■ Work instruction ■
Please give again every entry exactly as it appears, setting aside the pictures.

■ Source data ■

-.-.-

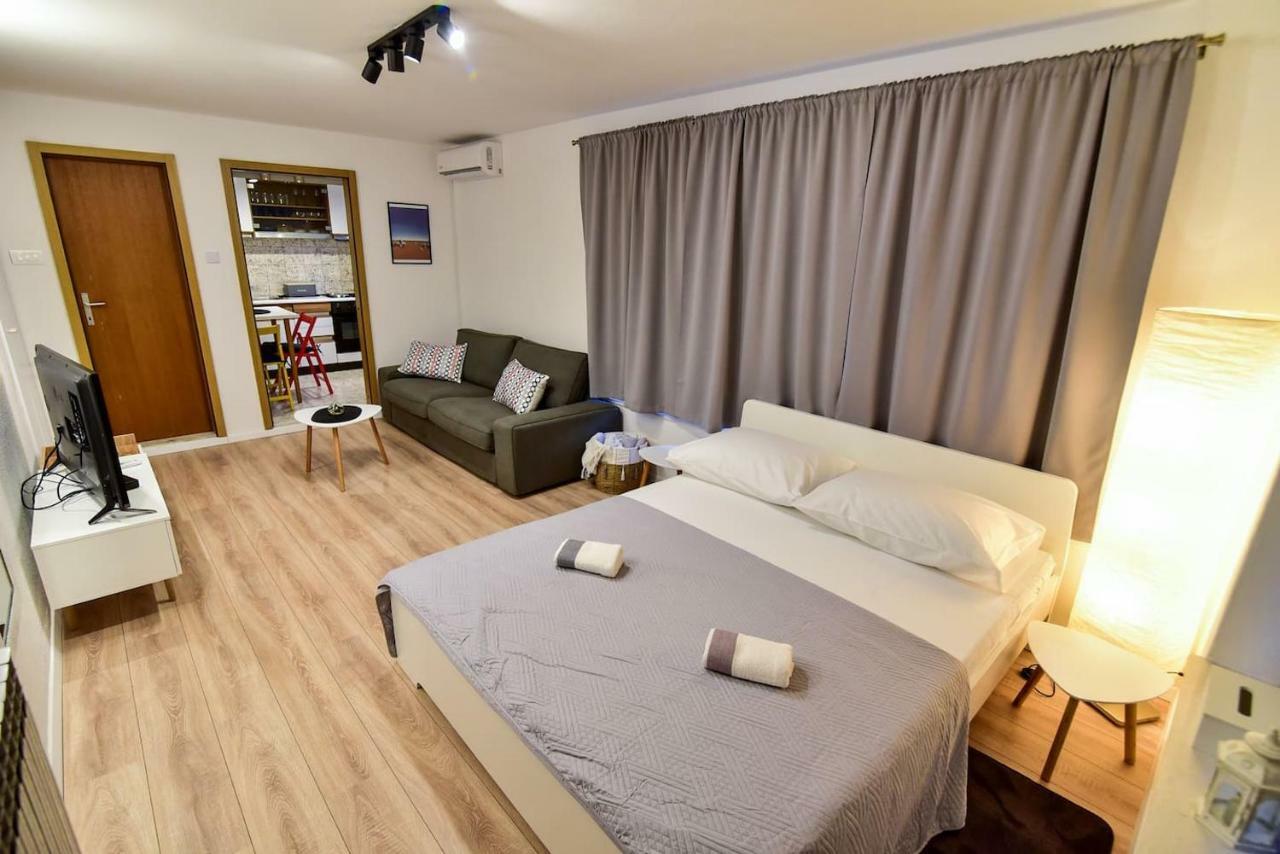 Vivi Jane Apartment Zadar Exterior photo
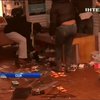 У Фергюсоні грабували магазини та палили авто (відео)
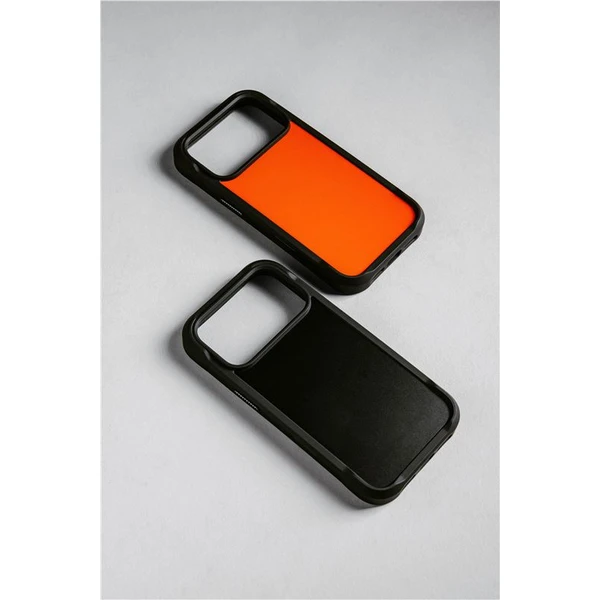 Nomad Rugged Case MagSafe kryt iPhone 17 Pro Max Black - Puzdra - Obrázok d41c4176d79c4068aa8d76eff7416ff9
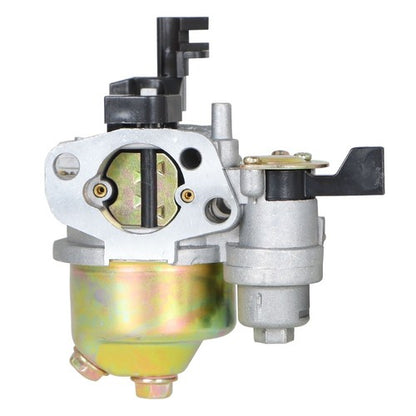 Solid Spare Carburetor For Honda GX160 5.5HP Recoil Ignition Coil Spark Plug Filter Engine
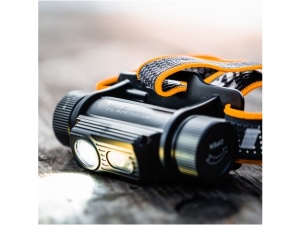 Lanterna Frontala Fenix HM70R LED flashlight [Headlamp] - Img 8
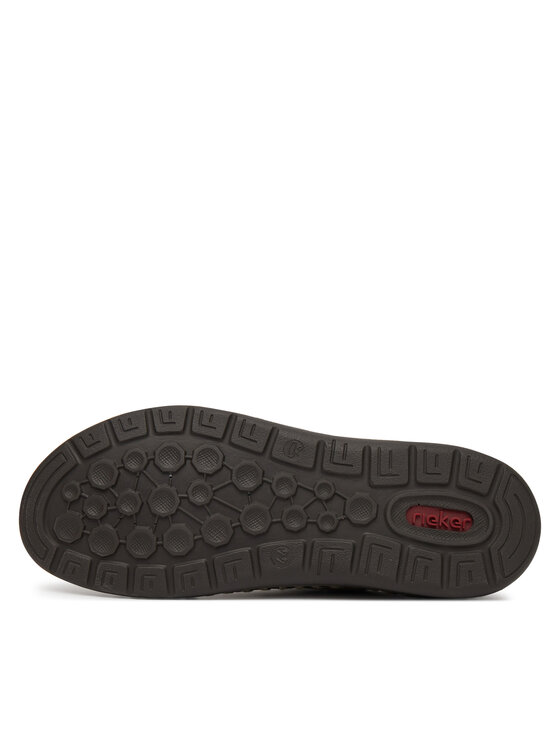 Rieker Rieker Scarpe basse B2460-25 Beige
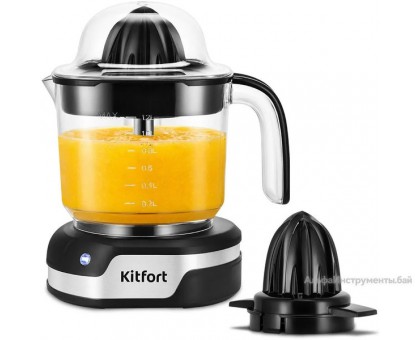 Соковыжималка KitFort КТ-1185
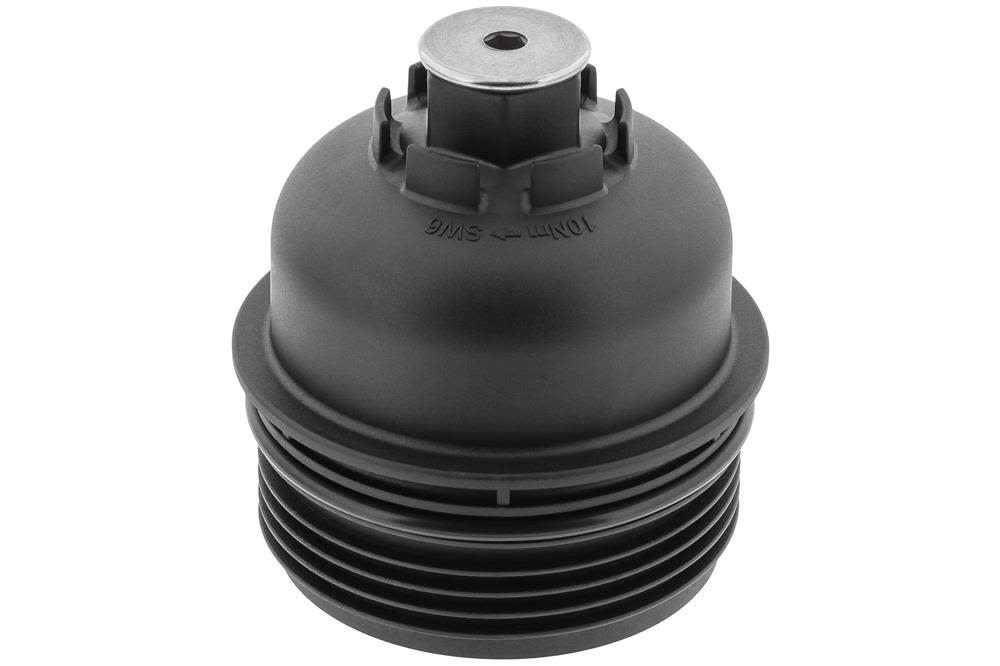 Tapa de carcasa de filtro de aceite HANS PRIES 821 998 para Hyundai Grand Santa FÉ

-.-.-

■ Problem solution ■
 Vivi Jane Apartment Zadar Exterior photo
 У Фергюсоні грабували магазини та палили авто (відео)
 Nomad Rugged Case MagSafe kryt iPhone 17 Pro Max Black - Puzdra - Obrázok d41c4176d79c4068aa8d76eff7416ff9
 Solid Spare Carburetor For Honda GX160 5.5HP Recoil Ignition Coil Spark Plug Filter Engine
 Lanterna Frontala Fenix HM70R LED flashlight [Headlamp] - Img 8
 Rieker Rieker Scarpe basse B2460-25 Beige
 Соковыжималка KitFort КТ-1185
 Tapa de carcasa de filtro de aceite HANS PRIES 821 998 para Hyundai Grand Santa FÉ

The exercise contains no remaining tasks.